Build tooling to improve the automation of operations, and reduction of toil. This includes automatic failure remediation, application and systems deployment, capacity planning, and fleet management.
Troubleshoot complex distributed systems handling millions of queries per second, petabytes of data.
Bring the SRE mindset for Availability, Reliability, Scalability, Disaster Recovery, Problem/Incident Management, and Performance of production services.
Help bring our service to more data centers and cloud environments faster with reliable automation, Docker + Kubernetes, and other ideas you’ve got!
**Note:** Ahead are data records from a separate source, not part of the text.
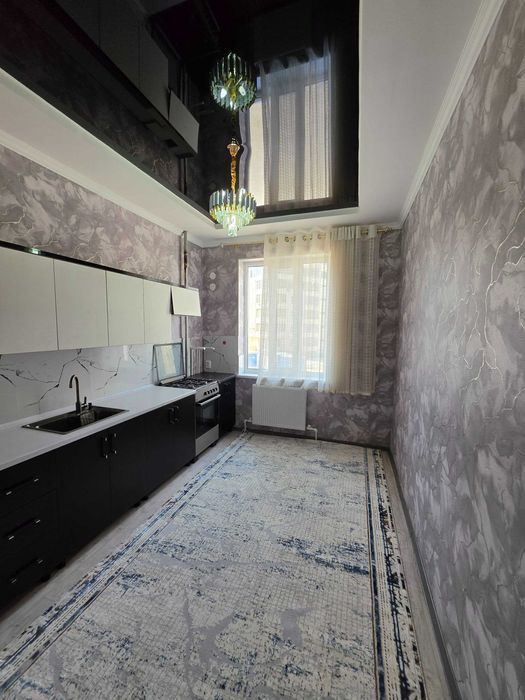 2 xonali 80m² 2-qavat.#2x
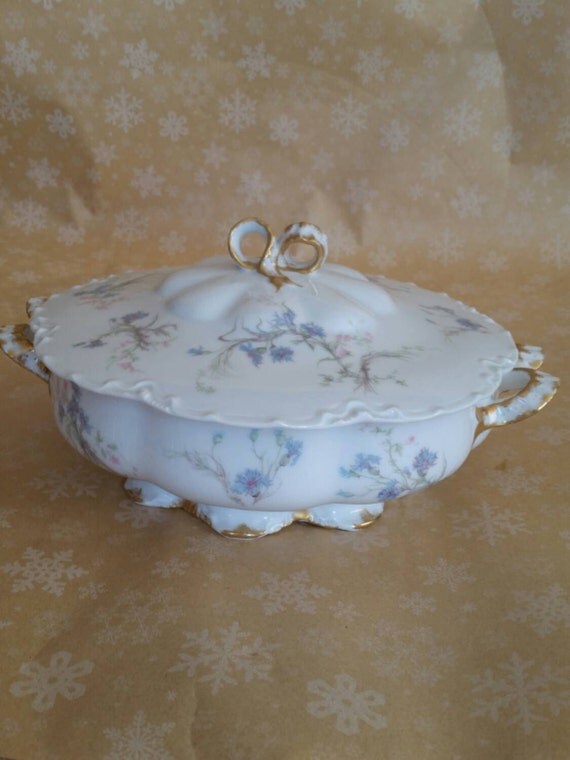 301 Moved Permanently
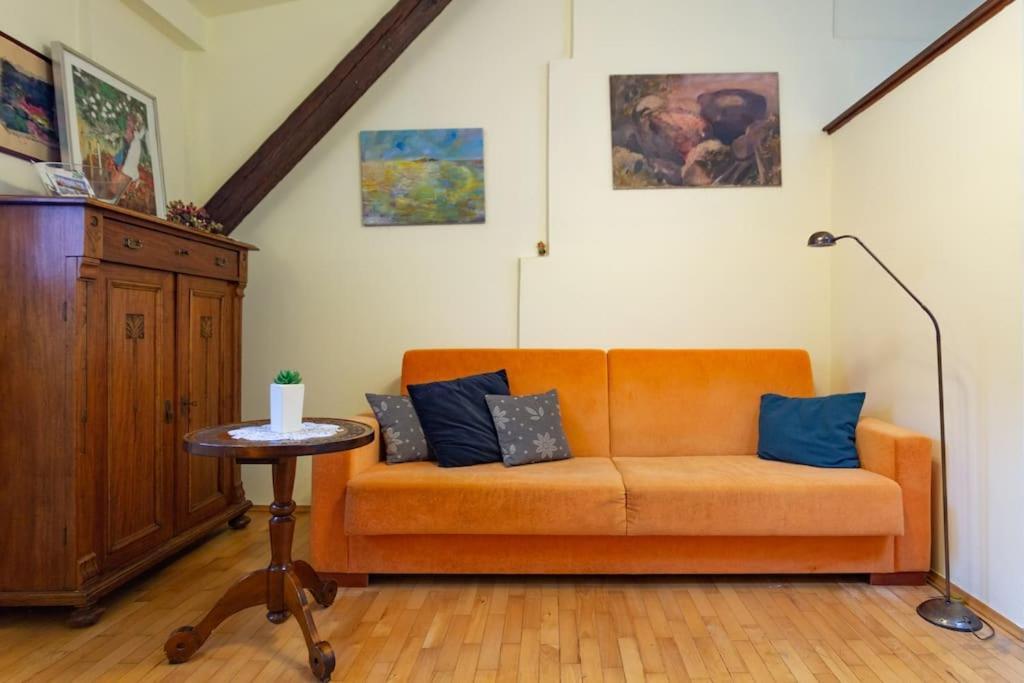 Art Loft * Krakow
Identify and contribute to solutions for reducing services outages, reducing alert noise, improving monitoring, and helping our services reach Service Level Objectives (SLOs).
Participate in the team’s Agile practices and On Call rotation.
Work with highly distributed and diverse hardware, software, and networking teams throughout the company.
5+ years of developing or managing services in a distributed, internet-scale, production environment.
Practical knowledge of at least one programming language (Python, Go, Java, Ruby, C++, Scala).
Demonstrable knowledge of Linux operating system internals, TCP/IP, filesystems, disk/storage technologies.
Experience with state configuration tools (Puppet, Chef, etc.).
Experience setting up capacity plans for physical and/or virtual infrastructure.
Ability to prioritize tasks and work independently. A self-starter.
Good written and oral skills, to help create clarity when working across multiple services and stakeholders.
Bonus: Hands on experience with Blob and/or Block storage systems, including Cloud-based (S3, Azure Blob, etc) or proprietary systems.
All of your information will be kept confidential according to EEO guidelines.